Нет, нельзя идти туда. Не пробираться же ему, как вору, по саду к ее окнам. Уже поздно, у него нет основательных причин, чтобы врываться в такую пору и вести ненужные разговоры с Карлом Оттоновичем, который еще, пожалуй, с перепугу подымет всю дворню и потревожит жену. Нет, видно, не судьба. Он кивнул по направлению ее дома и прошептал: «до свидания». Потом поворотил Джека и шагом поехал домой. Он решил, что завтра непременно увидится с Анастасией Юрьевной, насильно ворвется к ней, если его не будут пускать.
Дома он сел в столовой в ожидании чая. Он сидел, смотря на прибор перед собою, прислушиваясь к завыванию ветра.
— Ну что, Елена,— спросил он вносящую самовар хозяйку,— как ваши дела?
Он хотел рассеяться, привести в порядок свои мысли. Она глянула на него по обыкновению испуганными глазами.
— На милость Бога все хорошо,— тихо ответила она.
Потом, поставив самовар на стол и отирая его концом своего передника, проговорила задумчиво:
— Сегодня Мендель в Черчичи ездил, говорит, будто теолинская барыня померла…

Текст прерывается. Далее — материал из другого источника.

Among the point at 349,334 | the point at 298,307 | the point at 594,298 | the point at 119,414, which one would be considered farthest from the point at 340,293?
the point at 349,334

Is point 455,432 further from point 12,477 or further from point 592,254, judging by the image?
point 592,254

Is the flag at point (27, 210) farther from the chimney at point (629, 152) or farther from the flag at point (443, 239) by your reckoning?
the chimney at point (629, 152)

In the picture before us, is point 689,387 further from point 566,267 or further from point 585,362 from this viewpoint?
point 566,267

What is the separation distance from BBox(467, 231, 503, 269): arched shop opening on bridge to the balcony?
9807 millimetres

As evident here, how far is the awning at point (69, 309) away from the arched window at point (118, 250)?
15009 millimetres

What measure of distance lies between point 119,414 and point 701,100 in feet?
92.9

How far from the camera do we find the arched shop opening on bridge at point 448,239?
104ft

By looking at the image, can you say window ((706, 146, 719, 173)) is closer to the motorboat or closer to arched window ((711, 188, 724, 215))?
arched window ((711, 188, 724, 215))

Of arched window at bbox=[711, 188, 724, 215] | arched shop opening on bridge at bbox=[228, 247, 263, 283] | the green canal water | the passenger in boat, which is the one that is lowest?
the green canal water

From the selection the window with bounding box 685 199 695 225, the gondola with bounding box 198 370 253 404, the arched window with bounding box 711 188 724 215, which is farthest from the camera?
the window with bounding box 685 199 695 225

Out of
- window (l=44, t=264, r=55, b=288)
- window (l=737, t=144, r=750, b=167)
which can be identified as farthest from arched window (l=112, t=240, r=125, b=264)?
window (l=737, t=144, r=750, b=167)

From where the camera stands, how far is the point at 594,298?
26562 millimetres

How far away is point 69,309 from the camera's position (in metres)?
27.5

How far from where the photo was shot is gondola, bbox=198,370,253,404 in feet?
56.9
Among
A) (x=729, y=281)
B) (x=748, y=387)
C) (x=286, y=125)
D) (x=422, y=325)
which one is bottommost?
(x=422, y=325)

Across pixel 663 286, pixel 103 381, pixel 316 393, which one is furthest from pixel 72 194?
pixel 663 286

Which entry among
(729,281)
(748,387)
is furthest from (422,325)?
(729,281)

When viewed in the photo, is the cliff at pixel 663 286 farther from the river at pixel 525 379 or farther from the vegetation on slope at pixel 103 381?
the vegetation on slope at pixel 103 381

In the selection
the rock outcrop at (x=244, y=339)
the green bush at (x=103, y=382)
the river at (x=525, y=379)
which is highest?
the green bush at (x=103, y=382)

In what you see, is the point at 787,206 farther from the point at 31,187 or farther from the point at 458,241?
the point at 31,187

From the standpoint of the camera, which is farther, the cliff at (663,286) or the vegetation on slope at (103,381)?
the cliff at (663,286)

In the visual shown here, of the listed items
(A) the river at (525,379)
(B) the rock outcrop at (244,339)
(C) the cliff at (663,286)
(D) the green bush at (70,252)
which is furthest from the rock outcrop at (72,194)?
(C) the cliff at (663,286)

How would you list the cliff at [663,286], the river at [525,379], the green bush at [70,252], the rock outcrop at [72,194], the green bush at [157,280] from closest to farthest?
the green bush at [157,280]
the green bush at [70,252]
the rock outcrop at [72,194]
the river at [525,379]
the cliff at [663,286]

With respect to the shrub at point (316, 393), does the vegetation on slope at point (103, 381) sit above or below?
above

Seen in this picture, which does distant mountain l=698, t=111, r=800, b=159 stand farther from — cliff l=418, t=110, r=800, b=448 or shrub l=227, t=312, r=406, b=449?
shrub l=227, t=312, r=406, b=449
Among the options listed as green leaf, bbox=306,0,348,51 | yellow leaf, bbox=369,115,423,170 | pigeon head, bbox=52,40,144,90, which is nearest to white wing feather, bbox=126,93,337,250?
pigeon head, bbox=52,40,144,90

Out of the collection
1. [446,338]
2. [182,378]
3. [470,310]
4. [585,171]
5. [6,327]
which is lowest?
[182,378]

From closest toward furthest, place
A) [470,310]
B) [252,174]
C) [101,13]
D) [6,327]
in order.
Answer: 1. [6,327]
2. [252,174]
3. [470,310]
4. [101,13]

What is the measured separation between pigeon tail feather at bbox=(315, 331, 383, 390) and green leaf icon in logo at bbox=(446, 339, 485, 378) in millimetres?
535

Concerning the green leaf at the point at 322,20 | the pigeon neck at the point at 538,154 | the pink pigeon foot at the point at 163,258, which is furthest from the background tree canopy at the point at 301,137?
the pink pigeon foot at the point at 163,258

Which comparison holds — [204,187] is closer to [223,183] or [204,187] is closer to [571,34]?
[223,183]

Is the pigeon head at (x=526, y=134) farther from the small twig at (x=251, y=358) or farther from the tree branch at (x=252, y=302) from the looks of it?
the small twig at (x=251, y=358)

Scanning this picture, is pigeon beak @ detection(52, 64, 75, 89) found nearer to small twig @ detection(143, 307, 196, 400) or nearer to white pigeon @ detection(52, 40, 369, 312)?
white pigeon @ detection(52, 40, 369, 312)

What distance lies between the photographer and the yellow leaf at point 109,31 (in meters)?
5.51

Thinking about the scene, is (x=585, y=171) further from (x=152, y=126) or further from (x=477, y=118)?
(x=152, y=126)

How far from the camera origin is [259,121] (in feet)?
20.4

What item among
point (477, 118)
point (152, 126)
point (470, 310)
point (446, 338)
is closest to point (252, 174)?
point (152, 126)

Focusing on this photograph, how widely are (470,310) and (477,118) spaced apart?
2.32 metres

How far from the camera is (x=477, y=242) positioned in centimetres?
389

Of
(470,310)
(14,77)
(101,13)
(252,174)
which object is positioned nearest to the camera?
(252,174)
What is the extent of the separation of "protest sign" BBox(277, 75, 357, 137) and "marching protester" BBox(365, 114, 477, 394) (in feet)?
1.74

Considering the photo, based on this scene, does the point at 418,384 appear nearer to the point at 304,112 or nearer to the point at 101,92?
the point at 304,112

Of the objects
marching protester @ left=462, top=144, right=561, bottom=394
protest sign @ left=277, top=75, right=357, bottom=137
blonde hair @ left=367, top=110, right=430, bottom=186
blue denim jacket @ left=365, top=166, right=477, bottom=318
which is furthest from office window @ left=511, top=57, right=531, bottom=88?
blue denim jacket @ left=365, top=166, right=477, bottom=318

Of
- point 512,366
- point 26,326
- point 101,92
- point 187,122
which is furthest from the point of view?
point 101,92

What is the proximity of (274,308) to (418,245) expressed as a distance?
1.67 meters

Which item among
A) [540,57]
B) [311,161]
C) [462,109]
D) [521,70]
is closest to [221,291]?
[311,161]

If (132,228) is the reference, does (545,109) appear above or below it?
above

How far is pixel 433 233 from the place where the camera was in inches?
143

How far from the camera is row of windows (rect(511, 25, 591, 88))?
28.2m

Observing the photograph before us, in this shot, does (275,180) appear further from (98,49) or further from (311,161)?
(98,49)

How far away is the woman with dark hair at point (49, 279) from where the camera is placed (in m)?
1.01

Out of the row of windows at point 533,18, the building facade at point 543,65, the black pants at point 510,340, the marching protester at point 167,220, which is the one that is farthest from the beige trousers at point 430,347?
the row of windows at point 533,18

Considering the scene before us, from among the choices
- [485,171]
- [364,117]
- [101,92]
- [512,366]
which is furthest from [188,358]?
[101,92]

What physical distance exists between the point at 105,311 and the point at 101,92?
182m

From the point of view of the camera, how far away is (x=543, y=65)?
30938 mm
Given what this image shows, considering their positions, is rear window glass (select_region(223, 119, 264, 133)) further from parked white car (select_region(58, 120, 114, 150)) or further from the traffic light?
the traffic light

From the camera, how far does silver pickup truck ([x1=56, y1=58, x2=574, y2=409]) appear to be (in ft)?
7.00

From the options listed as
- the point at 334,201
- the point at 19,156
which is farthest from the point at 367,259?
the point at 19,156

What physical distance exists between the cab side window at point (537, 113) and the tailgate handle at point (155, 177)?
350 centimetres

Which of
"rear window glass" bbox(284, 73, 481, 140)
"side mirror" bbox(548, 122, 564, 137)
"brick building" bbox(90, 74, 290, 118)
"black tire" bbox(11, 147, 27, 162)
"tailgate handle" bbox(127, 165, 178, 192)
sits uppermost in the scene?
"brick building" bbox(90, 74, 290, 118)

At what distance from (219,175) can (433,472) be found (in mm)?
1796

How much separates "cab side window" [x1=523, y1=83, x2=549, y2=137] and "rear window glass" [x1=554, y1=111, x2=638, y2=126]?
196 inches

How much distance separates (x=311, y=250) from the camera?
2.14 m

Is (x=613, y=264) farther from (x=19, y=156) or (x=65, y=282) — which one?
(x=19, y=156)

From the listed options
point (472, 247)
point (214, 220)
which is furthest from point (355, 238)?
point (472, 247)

— Что? — вскрикнул Галдин, вскакивая со стула.— Что вы говорите?
Елена удивленно замерла, потом боязливо прошептала:
— А может, и врут, я не ведаю, только Мендель так и сказал: «Барыня теолинская сегодня утром померла… за священником ездили»…
Тогда все еще ничего не понимающий, но сознающий, что случилось что-то невероятное, ужасное и бессмысленное, Григорий Петрович опять опустился на стул и разрыдался.
Анастасия Юрьевна умерла.
Фон Клабэн сейчас же купил особенную бумагу с широкой черной каймой и разослал письма, извещавшие знакомых и друзей о смерти его горячо любимой жены. Одно из таких писем получил и Галдин: Карл Оттонович, как видно, хотел его обезоружить своей корректностью.
Это извещение, составленное в приличных, подобающих случаю выражениях — сухое, как канцелярская бумага, пришло вместе с другим приглашением — от председателя русского губернского предвыборного комитета, покорнейше просящего господина ротмистра пожаловать на предвыборное собрание, имеющее состояться 9 сентября, то есть как раз на другой день после похорон Анастасии Юрьевны.